IDN Conversion

In order to safely translate a domain name into it’s unicode representation and vice versa, we need a tool to correctly report the conversion results. To do so the package provides an enhanced OOP wrapper around PHP’s idn_to_ascii and idn_to_utf8 functions using the League\Uri\Idna\Converter class.

With vanilla PHP you have to do the following:

<?php

$flags = IDNA_NONTRANSITIONAL_TO_ASCII |
    IDNA_CHECK_BIDI |
    IDNA_USE_STD3_RULES |
    IDNA_CHECK_CONTEXTJ;
    
$res = idn_to_utf8('www.xn--85x722f.xn--55qx5d.cn', $flags, INTL_IDNA_VARIANT_UTS46, $result);

$res;               // returns 'www.食狮.公司.cn'
$result['result'];  // returns 'www.食狮.公司.cn'
$result['errors'];  // returns 0
$result['isTransitionalDifferent'];  // returns false

which means remembering:

In contrast, when performing a conversion with a method from League\Uri\Idna\Converter a League\Uri\Idna\Result instance is returned with information regarding the outcome of the conversion.

<?php

use League\Uri\Idna\Converter;

/** @var League\Uri\Idna\Result $result */
$result = Converter::toUnicode('www.xn--85x722f.xn--55qx5d.cn');
$result->domain();                  // returns 'www.食狮.公司.cn'
$result->isTransitionalDifferent(); // return false
$result->hasErrors();               // returns false
 
$result = Converter::toAscii('www.食狮.公司.cn');
$result->domain();                  // returns 'www.xn--85x722f.xn--55qx5d.cn'
$result->isTransitionalDifferent(); // return false
$result->hasErrors();               // returns false

In case of errors the Result::hasErrors method returns true and you can inspect the found errors using the Result::errors method which returns a list of Error enum.

<?php

use League\Uri\Idna\Converter;
use League\Uri\Idna\Error;

$result = Converter::toAscii('aa'.str_repeat('A', 64).'.%00.com');
$result->hasErrors(); //return true
$result->hasError(Error::LABEL_TOO_LONG); // returns true
foreach ($result->errors() as $error) {
    echo $error->name, ': ', $error->description(), PHP_EOL;
}
//displays
//LABEL_TOO_LONG: a domain name label is longer than 63 bytes
//DISALLOWED: a label or domain name contains disallowed characters

In case of error the return value of Result::domain may not be the same as the submitted value and may highlight the host part that triggered the error as per the specifications.

The League\Uri\Idna\Error enum provides the official name of the error as well as its description via the Error::description method.

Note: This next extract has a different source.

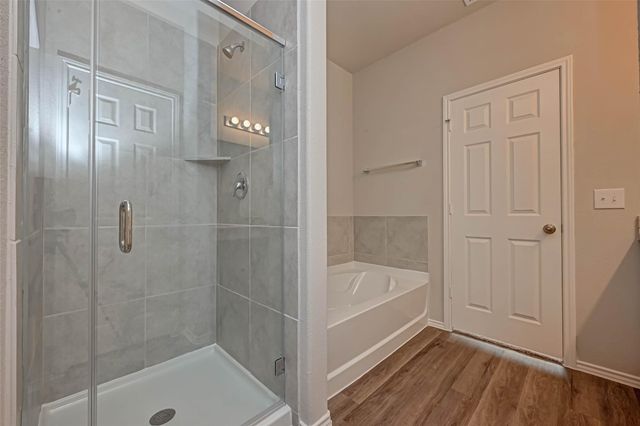 214 Cumberland Forest Drive, Magnolia, TX 77354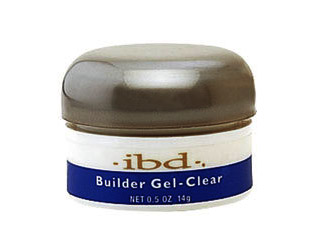 【送料無料】ibd(アイビーディー)　ビルダージェル　〔2oz〕クリア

Both static methods Converter::toAscii and Converter::toUnicode expect a host string and some IDN related options.

since version 7.2.0 The Converter methods also accept Stringable object as domain input.

You can provide PHP’s own constants or if you want a more readable API you can use the League\Uri\Idna\Option immutable object.

<?php

use League\Uri\Idna\Converter;
use League\Uri\Idna\Option;

$flags = IDNA_NONTRANSITIONAL_TO_ASCII |
    IDNA_CHECK_BIDI |
    IDNA_USE_STD3_RULES |
    IDNA_CHECK_CONTEXTJ;
//can be rewritten as

$option1 = Option::new(IDNA_NONTRANSITIONAL_TO_ASCII)
    ->add(IDNA_CHECK_BIDI)
    ->add(IDNA_USE_STD3_RULES)
    ->add(IDNA_CHECK_CONTEXTJ);

//can be rewritten as

$option2 = Option::new()
    ->nonTransitionalToAscii()
    ->checkBidi()
    ->useSTD3Rules()
    ->checkContextJ();

//can be rewritten as

$option3 = Option::forIDNA2008Ascii();

echo idn_to_ascii('bébé.be', $option);
echo idn_to_ascii('bébé.be', $option1->toBytes());
echo idn_to_ascii('bébé.be', $option2->toBytes());
echo idn_to_ascii('bébé.be', $option3->toBytes());

echo Converter::toAscii('bébé.be')->domain();
echo Converter::toAscii('bébé.be', $option)->domain();
echo Converter::toAscii('bébé.be', $option1)->domain();
echo Converter::toAscii('bébé.be', $option2)->domain();
echo Converter::toAscii('bébé.be', $option3)->domain();

//all the above calls will produce the same result 'xn--bb-bjab.be'

If you provide a Option instance, the Option::toBytes method will be called inside the conversion method when appropriate.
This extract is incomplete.